Aim of the task:
Within the entries below, find every line that has the string "Read", then copy it.

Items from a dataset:

%%

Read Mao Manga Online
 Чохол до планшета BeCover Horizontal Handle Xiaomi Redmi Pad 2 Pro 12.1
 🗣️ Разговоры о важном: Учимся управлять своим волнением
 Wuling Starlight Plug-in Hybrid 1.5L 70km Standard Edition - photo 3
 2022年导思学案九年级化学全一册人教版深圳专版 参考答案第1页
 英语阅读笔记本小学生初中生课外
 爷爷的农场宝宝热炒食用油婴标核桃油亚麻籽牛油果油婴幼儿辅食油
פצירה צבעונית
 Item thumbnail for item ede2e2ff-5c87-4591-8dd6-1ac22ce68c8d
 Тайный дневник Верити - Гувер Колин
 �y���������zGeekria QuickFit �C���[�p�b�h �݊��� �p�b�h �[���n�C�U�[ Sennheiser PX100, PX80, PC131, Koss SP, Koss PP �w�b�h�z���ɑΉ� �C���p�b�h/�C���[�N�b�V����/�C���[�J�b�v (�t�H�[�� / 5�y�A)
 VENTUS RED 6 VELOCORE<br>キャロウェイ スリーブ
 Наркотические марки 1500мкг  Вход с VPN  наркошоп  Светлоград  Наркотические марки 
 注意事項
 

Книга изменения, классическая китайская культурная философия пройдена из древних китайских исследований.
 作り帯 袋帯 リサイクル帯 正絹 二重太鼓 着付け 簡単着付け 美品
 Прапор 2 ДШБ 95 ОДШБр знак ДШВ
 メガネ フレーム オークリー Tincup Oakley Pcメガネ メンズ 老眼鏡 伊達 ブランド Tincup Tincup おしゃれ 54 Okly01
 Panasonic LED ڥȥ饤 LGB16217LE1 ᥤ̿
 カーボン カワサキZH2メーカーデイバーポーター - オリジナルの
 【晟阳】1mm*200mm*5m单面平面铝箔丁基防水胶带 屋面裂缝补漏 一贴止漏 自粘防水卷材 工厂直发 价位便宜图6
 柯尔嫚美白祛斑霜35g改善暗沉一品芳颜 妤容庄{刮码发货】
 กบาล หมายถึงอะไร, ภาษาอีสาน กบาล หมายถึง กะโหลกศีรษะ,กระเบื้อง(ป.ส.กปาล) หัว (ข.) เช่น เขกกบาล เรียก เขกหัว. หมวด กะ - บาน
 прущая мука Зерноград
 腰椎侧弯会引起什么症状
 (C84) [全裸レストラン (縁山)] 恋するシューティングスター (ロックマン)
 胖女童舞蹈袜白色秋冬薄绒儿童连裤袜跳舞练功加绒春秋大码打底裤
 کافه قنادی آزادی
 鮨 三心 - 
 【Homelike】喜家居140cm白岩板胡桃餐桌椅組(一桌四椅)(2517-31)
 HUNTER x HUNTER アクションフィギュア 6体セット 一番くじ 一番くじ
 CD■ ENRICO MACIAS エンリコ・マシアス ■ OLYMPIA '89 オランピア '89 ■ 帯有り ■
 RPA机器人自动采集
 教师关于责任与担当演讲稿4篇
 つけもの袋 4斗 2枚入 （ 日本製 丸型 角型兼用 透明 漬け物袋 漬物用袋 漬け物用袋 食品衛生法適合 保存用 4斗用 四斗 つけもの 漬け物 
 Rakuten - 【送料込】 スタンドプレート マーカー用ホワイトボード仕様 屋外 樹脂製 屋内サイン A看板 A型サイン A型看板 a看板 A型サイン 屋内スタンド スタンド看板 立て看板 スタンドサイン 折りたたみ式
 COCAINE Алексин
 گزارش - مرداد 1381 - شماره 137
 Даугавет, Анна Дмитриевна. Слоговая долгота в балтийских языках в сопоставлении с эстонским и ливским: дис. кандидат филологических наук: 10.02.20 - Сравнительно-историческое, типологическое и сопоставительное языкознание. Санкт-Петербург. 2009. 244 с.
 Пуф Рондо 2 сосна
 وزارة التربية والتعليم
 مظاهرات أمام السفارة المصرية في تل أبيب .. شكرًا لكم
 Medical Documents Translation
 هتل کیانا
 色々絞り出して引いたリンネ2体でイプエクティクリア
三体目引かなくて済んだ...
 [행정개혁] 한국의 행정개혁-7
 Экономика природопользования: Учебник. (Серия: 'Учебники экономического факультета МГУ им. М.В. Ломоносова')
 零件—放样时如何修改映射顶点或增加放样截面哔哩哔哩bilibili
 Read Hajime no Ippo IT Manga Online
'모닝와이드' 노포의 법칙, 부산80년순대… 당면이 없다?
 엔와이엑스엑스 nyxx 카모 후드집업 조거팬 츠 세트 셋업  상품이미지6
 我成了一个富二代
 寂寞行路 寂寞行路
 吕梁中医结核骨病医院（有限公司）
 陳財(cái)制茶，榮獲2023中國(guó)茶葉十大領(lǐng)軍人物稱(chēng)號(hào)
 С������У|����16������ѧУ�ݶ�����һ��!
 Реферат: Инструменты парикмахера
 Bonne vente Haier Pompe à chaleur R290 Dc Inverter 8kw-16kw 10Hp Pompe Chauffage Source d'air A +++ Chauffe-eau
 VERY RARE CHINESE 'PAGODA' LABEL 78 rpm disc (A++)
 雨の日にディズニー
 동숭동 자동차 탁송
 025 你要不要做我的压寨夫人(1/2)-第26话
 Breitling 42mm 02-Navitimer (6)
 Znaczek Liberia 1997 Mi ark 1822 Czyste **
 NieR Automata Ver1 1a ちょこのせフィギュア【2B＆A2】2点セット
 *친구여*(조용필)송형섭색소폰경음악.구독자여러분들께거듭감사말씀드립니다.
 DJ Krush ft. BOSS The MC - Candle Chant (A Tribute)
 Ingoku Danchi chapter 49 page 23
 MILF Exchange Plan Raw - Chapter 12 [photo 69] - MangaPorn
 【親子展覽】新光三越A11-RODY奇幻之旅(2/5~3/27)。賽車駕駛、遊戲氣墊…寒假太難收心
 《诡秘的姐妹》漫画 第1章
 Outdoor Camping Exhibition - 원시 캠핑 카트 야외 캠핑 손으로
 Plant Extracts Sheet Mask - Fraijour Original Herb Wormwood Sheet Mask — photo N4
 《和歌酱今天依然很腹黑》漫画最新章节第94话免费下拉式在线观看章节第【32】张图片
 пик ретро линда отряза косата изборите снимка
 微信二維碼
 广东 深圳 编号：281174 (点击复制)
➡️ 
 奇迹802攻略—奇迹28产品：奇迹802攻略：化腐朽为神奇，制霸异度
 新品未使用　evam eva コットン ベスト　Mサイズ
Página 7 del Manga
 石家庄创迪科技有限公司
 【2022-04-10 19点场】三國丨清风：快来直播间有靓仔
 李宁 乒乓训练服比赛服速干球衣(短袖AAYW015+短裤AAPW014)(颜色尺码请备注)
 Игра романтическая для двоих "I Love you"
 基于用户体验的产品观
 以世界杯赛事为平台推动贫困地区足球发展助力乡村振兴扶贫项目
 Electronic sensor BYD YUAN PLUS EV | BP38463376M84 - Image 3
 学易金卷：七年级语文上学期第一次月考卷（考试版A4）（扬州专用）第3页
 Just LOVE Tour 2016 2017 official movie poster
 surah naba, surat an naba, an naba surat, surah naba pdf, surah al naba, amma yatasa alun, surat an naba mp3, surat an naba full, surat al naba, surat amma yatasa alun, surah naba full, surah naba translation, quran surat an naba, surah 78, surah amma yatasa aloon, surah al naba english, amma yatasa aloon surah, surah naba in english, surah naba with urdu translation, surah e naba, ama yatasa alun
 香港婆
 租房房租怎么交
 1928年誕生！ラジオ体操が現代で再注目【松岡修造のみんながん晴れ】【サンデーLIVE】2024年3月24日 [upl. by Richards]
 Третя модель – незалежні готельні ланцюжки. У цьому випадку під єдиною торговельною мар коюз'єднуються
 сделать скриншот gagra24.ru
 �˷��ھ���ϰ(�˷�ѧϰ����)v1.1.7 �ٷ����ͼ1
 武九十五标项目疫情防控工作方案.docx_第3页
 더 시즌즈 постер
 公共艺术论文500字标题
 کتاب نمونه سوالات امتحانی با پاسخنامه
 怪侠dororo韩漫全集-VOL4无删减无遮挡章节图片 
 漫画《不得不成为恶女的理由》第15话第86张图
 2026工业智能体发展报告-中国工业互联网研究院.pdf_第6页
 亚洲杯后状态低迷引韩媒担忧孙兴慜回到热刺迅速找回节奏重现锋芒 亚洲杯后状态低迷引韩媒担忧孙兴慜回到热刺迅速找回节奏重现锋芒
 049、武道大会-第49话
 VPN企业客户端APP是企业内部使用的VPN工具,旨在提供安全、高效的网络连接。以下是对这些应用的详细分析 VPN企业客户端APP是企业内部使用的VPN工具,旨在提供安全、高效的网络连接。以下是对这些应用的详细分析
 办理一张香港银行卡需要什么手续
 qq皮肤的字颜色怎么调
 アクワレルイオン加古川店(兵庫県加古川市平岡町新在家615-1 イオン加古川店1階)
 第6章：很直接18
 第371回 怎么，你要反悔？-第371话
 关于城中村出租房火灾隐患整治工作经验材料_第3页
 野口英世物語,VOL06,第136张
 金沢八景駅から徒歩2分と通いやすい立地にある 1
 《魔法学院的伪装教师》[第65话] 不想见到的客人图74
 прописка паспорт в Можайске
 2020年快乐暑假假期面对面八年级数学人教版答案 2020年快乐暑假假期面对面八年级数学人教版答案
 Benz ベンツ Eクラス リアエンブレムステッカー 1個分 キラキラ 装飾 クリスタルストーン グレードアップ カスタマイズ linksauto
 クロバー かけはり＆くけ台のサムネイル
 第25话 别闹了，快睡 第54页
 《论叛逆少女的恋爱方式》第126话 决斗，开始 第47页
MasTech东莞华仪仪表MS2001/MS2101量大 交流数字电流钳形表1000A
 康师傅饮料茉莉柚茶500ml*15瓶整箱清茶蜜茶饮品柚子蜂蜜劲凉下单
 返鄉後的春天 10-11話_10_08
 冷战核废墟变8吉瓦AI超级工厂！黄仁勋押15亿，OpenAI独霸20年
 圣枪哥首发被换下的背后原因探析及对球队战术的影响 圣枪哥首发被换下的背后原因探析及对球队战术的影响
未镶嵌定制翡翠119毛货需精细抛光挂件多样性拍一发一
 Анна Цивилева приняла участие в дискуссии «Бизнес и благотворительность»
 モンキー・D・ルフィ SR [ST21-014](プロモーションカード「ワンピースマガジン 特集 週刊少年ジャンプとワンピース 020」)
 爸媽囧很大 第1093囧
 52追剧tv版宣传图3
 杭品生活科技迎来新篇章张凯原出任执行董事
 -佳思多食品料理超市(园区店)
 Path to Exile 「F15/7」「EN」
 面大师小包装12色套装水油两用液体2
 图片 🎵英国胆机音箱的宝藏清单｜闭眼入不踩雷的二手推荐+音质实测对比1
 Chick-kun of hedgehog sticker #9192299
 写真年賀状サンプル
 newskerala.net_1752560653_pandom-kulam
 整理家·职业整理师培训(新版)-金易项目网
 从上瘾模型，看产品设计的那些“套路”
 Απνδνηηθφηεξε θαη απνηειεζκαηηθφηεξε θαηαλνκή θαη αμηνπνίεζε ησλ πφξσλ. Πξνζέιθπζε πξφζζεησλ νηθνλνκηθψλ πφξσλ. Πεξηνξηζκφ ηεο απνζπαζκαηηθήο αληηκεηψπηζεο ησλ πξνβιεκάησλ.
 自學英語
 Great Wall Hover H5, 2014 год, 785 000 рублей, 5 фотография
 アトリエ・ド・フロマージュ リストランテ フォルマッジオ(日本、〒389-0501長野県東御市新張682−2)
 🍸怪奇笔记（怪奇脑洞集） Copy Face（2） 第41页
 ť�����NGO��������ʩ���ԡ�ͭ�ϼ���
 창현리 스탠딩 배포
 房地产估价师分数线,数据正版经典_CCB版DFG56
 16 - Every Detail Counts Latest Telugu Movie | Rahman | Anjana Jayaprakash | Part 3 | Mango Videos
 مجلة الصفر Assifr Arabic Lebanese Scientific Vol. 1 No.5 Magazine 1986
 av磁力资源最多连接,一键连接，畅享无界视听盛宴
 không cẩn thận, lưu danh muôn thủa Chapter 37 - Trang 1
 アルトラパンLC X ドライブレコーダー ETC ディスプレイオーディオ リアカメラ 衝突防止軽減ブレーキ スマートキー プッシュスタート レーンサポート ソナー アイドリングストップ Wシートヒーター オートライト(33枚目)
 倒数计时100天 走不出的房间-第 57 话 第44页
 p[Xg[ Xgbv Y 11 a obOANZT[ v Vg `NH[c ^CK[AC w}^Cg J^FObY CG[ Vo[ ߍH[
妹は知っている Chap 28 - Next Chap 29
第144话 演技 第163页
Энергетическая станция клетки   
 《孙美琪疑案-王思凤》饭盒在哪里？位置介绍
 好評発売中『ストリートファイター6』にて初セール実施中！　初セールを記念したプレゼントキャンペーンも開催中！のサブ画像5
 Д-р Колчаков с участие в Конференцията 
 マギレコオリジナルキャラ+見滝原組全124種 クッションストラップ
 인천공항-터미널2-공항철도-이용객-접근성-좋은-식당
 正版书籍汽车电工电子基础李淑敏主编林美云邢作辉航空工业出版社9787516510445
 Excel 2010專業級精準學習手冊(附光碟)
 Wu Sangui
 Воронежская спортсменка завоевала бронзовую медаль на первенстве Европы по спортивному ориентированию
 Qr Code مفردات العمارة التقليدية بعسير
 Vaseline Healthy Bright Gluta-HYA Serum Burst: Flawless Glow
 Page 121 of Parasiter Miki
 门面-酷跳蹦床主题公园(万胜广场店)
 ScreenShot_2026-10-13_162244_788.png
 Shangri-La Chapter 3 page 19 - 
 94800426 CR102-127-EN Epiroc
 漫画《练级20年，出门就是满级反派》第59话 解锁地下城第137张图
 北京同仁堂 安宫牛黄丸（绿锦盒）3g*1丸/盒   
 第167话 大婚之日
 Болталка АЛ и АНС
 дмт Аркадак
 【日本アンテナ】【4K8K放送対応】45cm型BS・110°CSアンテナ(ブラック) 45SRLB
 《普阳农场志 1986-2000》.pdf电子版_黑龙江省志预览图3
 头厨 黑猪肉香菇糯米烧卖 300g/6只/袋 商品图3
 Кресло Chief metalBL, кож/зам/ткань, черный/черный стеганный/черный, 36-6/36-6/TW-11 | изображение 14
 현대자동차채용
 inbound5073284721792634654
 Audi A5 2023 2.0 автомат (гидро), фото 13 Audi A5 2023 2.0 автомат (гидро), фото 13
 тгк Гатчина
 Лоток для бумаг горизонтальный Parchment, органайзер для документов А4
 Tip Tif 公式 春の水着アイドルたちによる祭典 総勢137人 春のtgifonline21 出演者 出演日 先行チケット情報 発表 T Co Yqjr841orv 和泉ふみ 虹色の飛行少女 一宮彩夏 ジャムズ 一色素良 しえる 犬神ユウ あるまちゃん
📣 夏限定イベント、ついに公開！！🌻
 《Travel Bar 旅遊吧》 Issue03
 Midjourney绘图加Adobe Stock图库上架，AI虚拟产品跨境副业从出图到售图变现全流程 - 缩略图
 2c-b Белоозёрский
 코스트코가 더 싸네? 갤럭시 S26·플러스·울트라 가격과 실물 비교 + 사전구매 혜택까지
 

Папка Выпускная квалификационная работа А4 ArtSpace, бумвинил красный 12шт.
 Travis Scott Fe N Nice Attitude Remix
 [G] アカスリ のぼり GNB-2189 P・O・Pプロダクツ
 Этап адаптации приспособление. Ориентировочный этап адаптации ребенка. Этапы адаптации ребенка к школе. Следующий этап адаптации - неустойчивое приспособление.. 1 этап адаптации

%%

Exercise solution:
Read Mao Manga Online
 Read Hajime no Ippo IT Manga Online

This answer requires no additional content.